TASK GOAL ▸ Transcribe nothing except the lines below that run from the one with "Jar Stoneware Crock" to the one with "Jabón corporal de", ends included, and do not copy any picture.

MATERIAL PROVIDED ▸
*** Begin section ***
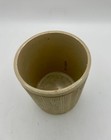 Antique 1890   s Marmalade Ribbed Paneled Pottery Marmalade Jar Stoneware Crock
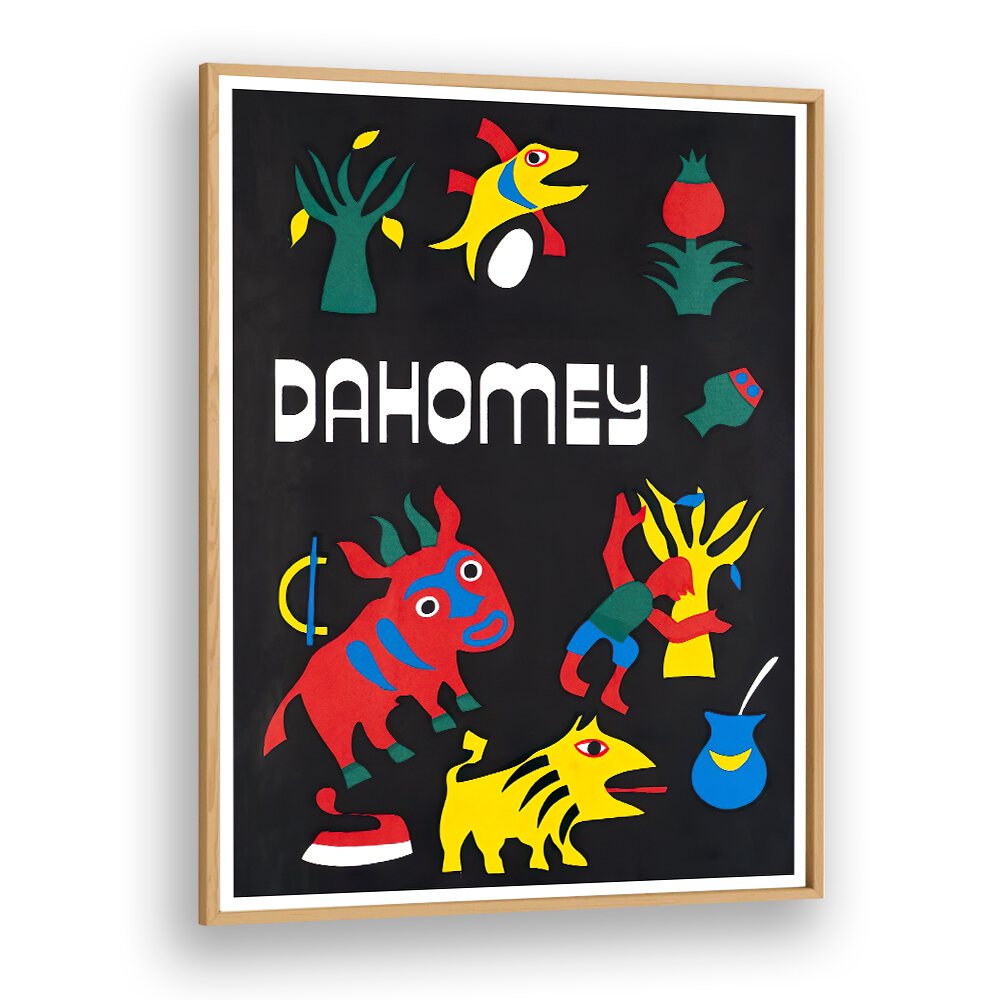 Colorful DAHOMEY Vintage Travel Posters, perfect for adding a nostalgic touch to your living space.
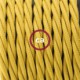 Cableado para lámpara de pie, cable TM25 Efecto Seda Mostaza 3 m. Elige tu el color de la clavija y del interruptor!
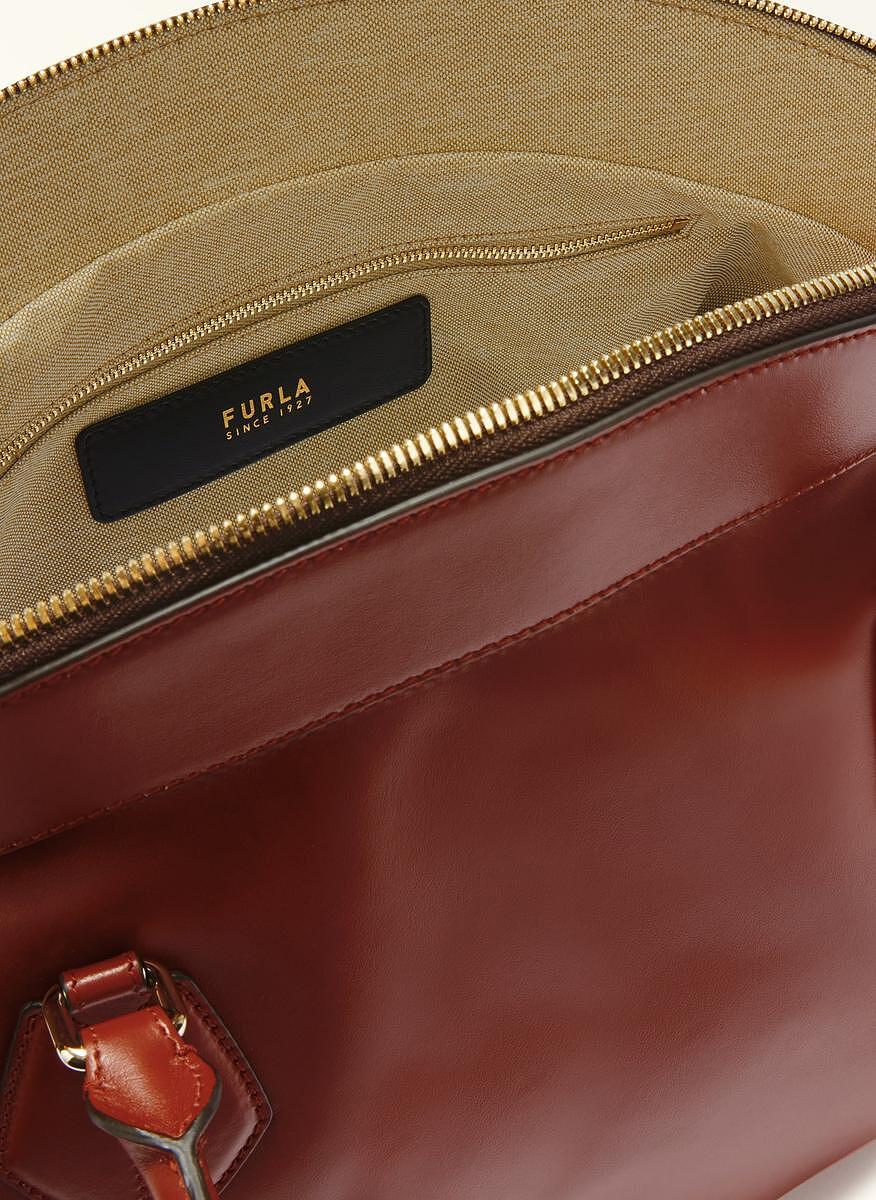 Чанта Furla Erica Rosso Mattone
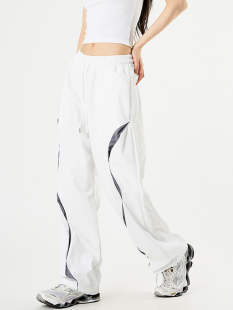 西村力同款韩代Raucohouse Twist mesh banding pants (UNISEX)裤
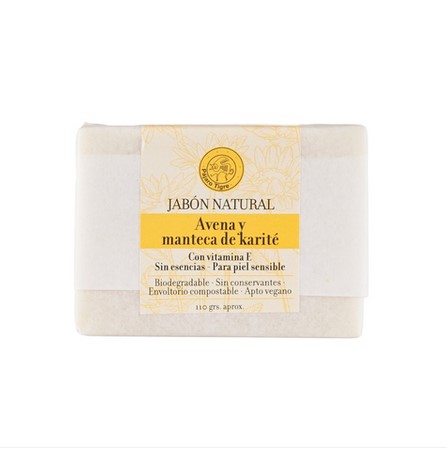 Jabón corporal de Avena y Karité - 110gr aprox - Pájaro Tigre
*** End section ***
*** Begin section ***
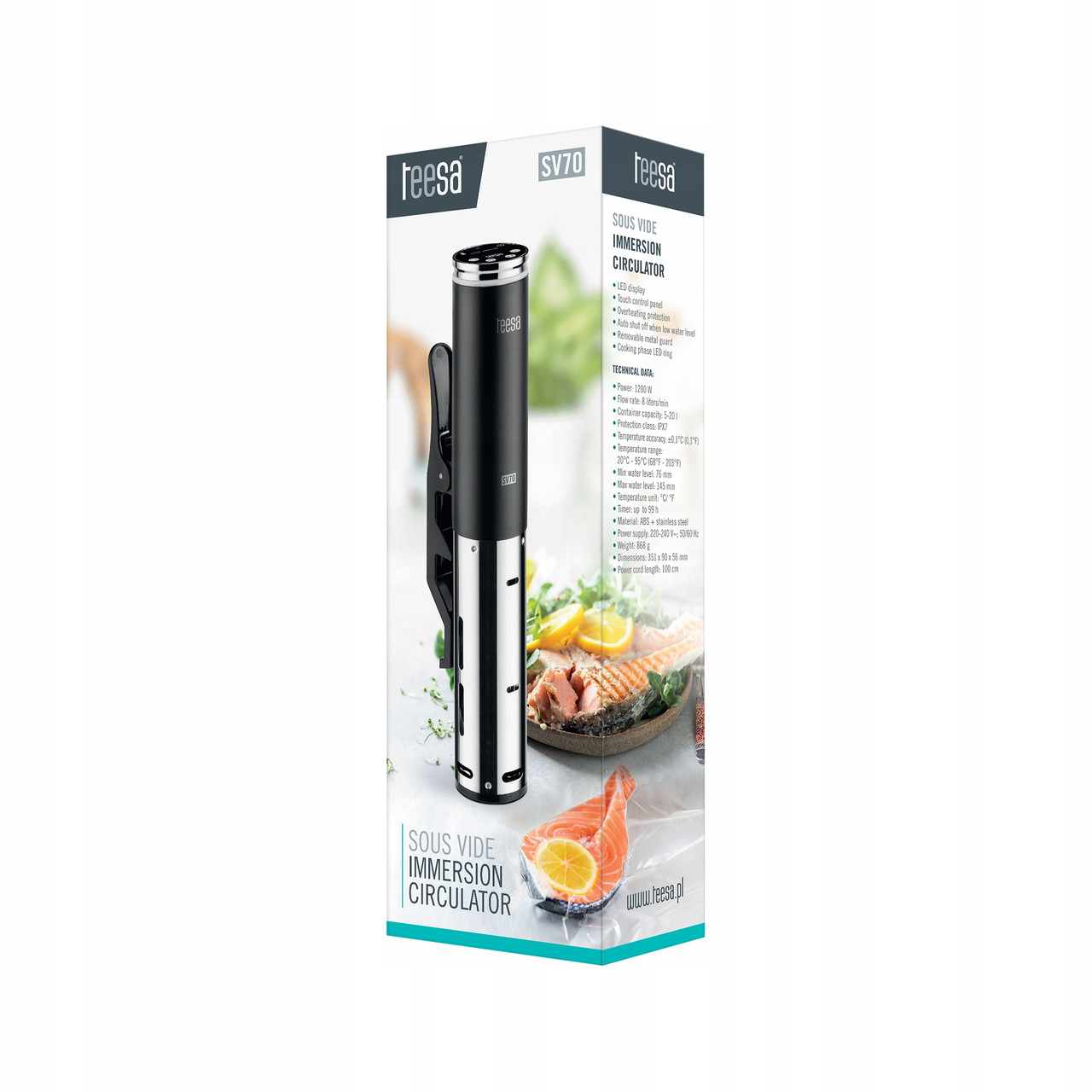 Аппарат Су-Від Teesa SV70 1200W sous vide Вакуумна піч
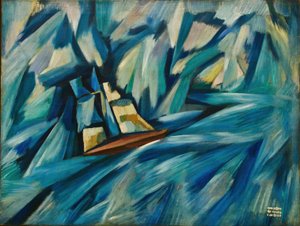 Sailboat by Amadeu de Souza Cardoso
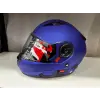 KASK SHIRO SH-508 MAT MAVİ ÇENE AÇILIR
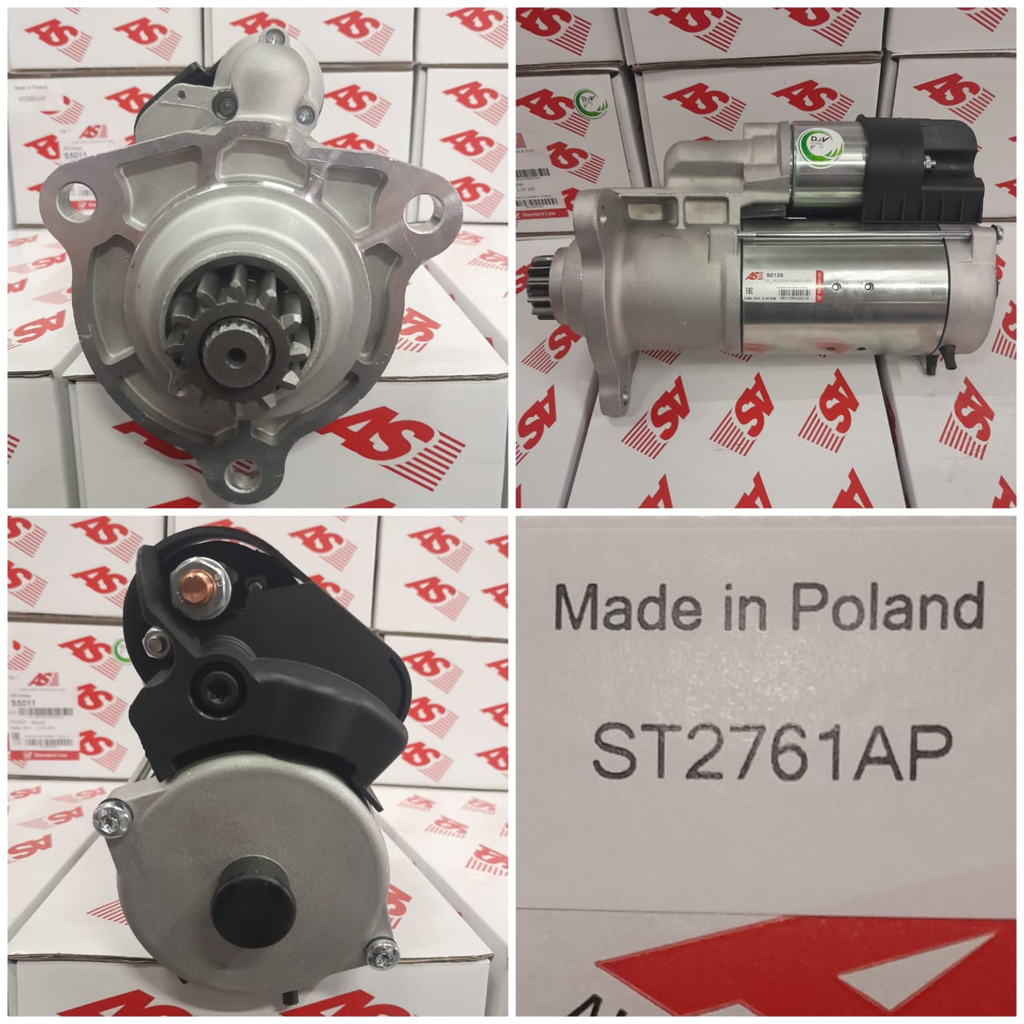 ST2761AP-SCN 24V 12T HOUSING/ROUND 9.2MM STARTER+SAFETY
*** End section ***
SOLUTION FOR THIS EXERCISE ▸
 Antique 1890   s Marmalade Ribbed Paneled Pottery Marmalade Jar Stoneware Crock
 Colorful DAHOMEY Vintage Travel Posters, perfect for adding a nostalgic touch to your living space.
 Cableado para lámpara de pie, cable TM25 Efecto Seda Mostaza 3 m. Elige tu el color de la clavija y del interruptor!
 Чанта Furla Erica Rosso Mattone
 西村力同款韩代Raucohouse Twist mesh banding pants (UNISEX)裤
 Jabón corporal de Avena y Karité - 110gr aprox - Pájaro Tigre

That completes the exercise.